DATA BLOCK:
══════════════════════════════

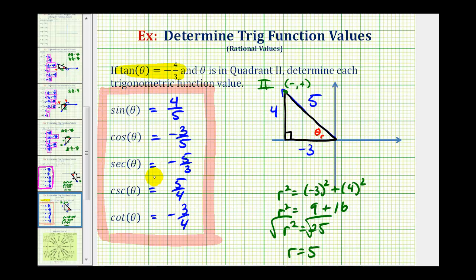When doing these types of problems, it is important that we pay close attention to which quadrant we're in, because it does affect the signs of the legs of the reference triangles. I hope you found this explanation helpful. Thank you.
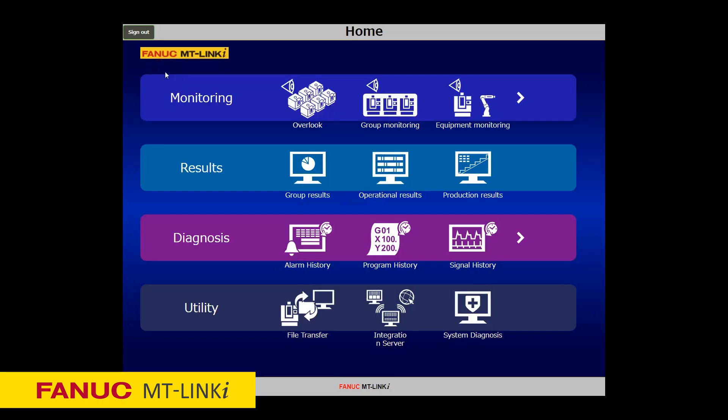MT-Link I and MT-Link I integration server are suites of operation management software. The suites enable you to monitor multiple machines and to collect their operational and production results easily, supporting you to manage your factory effectively. The software creates a web screen and a URL address, and persons with authority and network access can view these screens on their PC or tablet.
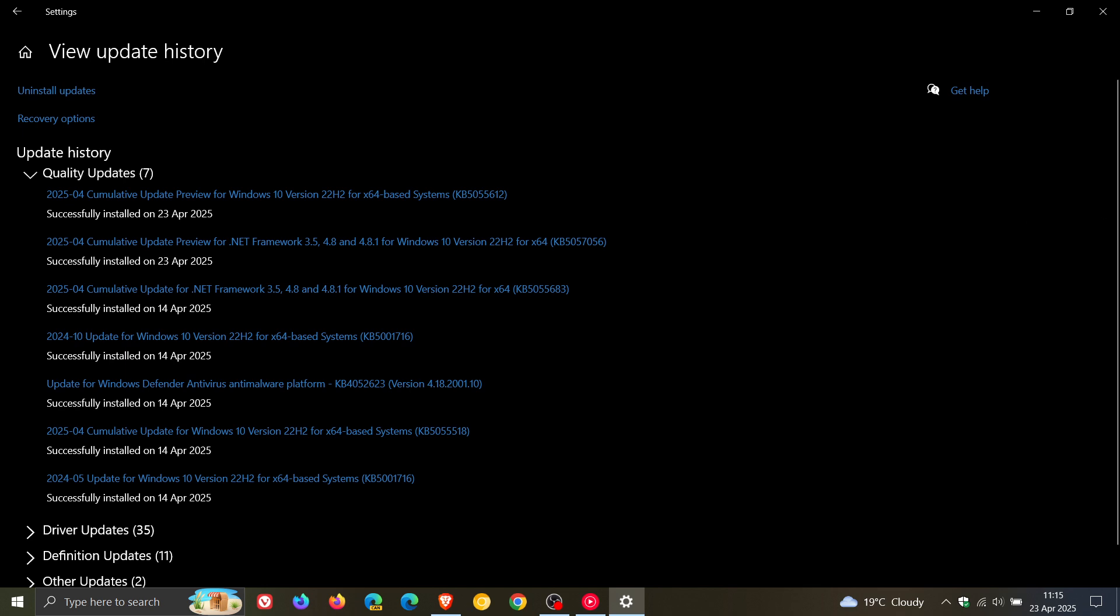This is quite a minor update. It really only contains three fixes, one of which is for a known issue, which is always good when known issues get fixed and patched. I think the reason this is a minor update is because we're now nearing the end of support of the operating system, so Microsoft is really just pushing out what it needs to keep the operating system functional and stable until that end of support date in October this year.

══════════════════════════════

WHAT TO PRODUCE:
Could you return the whole listing exactly, images excluded?

ANSWER SECTION:
When doing these types of problems, it is important that we pay close attention to which quadrant we're in, because it does affect the signs of the legs of the reference triangles. I hope you found this explanation helpful. Thank you.
MT-Link I and MT-Link I integration server are suites of operation management software. The suites enable you to monitor multiple machines and to collect their operational and production results easily, supporting you to manage your factory effectively. The software creates a web screen and a URL address, and persons with authority and network access can view these screens on their PC or tablet.
This is quite a minor update. It really only contains three fixes, one of which is for a known issue, which is always good when known issues get fixed and patched. I think the reason this is a minor update is because we're now nearing the end of support of the operating system, so Microsoft is really just pushing out what it needs to keep the operating system functional and stable until that end of support date in October this year.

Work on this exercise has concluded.